Jennifer Donnell’s Los Angeles Superior Court lawsuit alleges retaliation, discrimination, harassment and failure to prevent harassment and discrimination and retaliation. She seeks unspecified damages in the suit brought Monday.

A county spokesman said Thursday the county does not comment on pending litigation.

Donnell was hired by the county in 1999 as a program analyst and has held such other positions as senior contract program auditor, director of Internal Affairs and bureau chief, the suit states.

“However, Ms. Donnell’s career came to a screeching halt in March 2020 when she was administratively transferred to a compliance and strategic planning position in retaliation for her raising concerns about illegal conduct taking place within the county,” the suit states.

Before her reassignment, Donnell was a senior manager in the Internal Affairs Bureau of the Probation Department, the suit states. Since her reassignment, she has twice been denied promotions based on race and has been targeted for coming forward and addressing key problems involving Probation Department managers and officers, the suit alleges.

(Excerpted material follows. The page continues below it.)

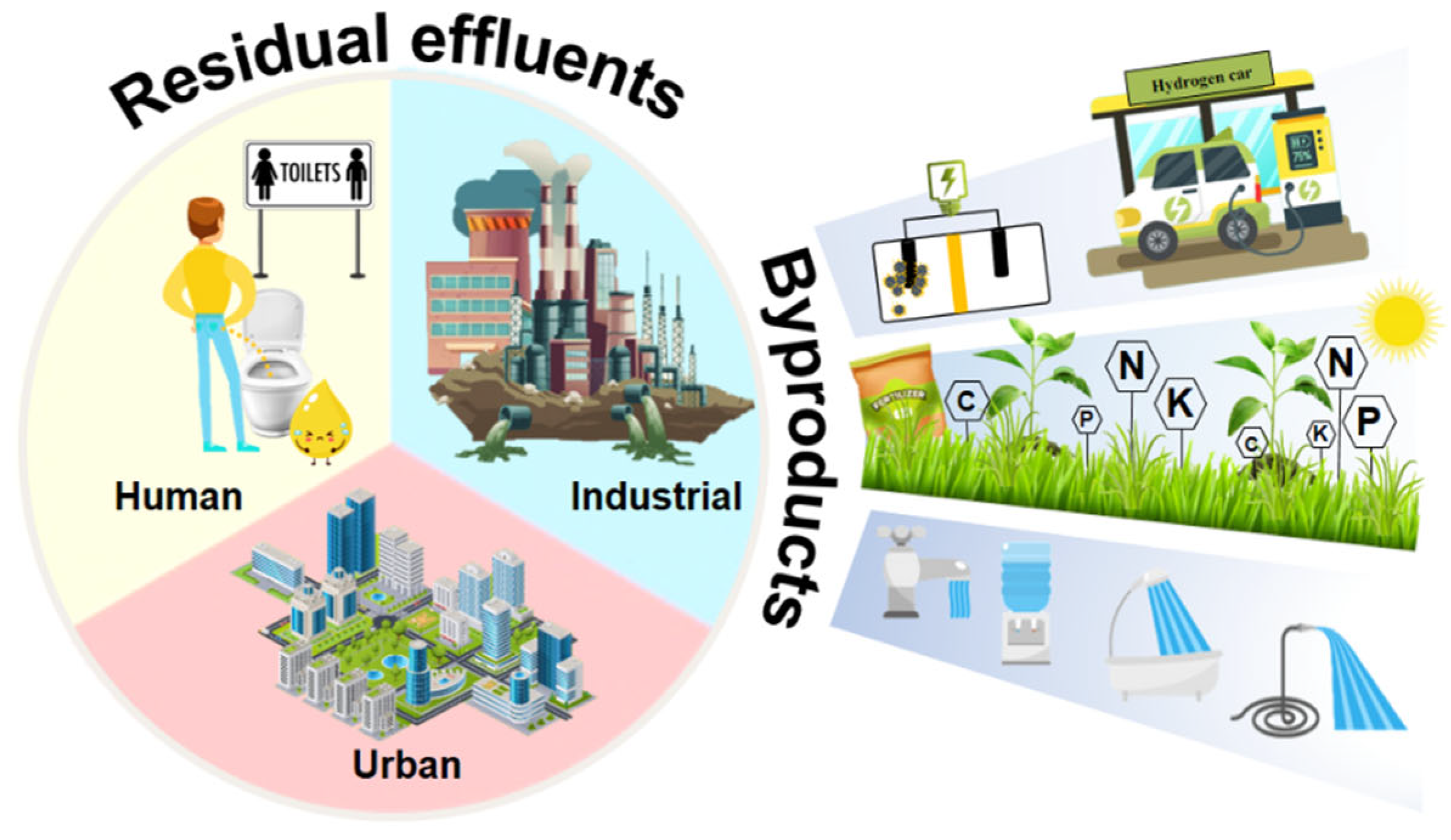 Micromachines 13 02239 g003 Micromachines 13 02239 g003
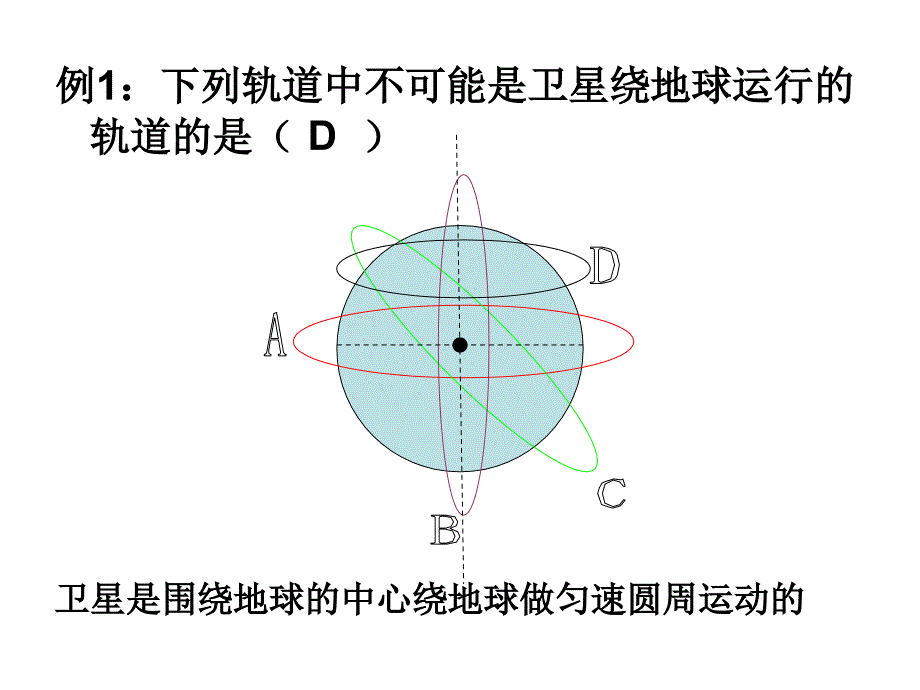 高中物理《宇宙航行》课件一（11张PTT）（新人教版必修2）_第4页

“(Donnell) believes that certain managers and decision makers within the Probation Department and in the county … are playing favorites to overlook discipline and/or are hostile towards plaintiff’s protected activities (in) exposing and holding accountable certain individuals who have engaged in excessive force, abuse and witness intimidation within the Department and in connection with federal and state criminal matters,” according to the suit.

Just days before learning of her reassignment, Donnell had complained to a member of the County Counsel’s office about alleged secret roundtable meetings that were being conducted by an all-white team of county executives and others to review, and in some cases even reverse, discipline that Donnell had recommended against probation officers for “egregious acts of child abuse,” the suit states.

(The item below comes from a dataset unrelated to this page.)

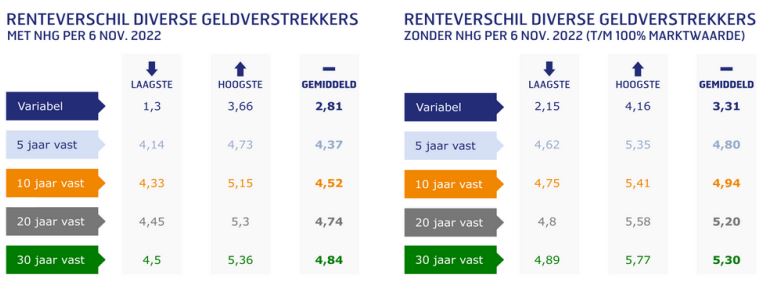 Renteverschillen geldverstrekkers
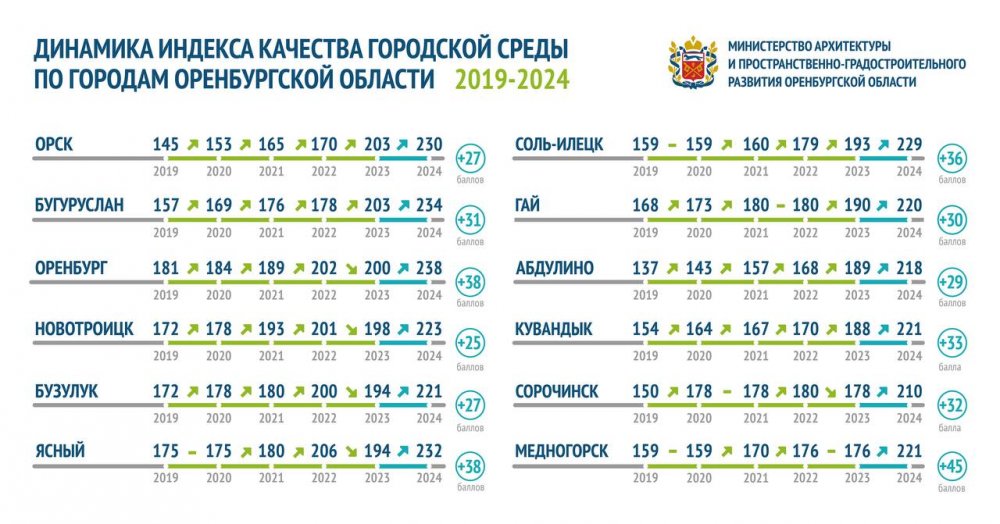 Минстрой: все города Оренбургской области комфортны для жизни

After Donnell moved to her new assignment, she was denied the resources, personnel and tools that were promised to her and were necessary to perform her job, and she was transferred from the county headquarters to a building that was a former jail, according to her suit.

“(Donnell) believes that her protected activities and her high- profile position as a woman of color have contributed (to) management pushing for her removal, reassignment and a continuing marginalization” of her, resulting in a loss of job duties and promotional opportunities, the suit states.

Donnell, a “dedicated member of the law enforcement community and long-standing county employee with an exceptional employment record,” has suffered harm to her job prospects within the county as well as to her health and well-being, the suit states.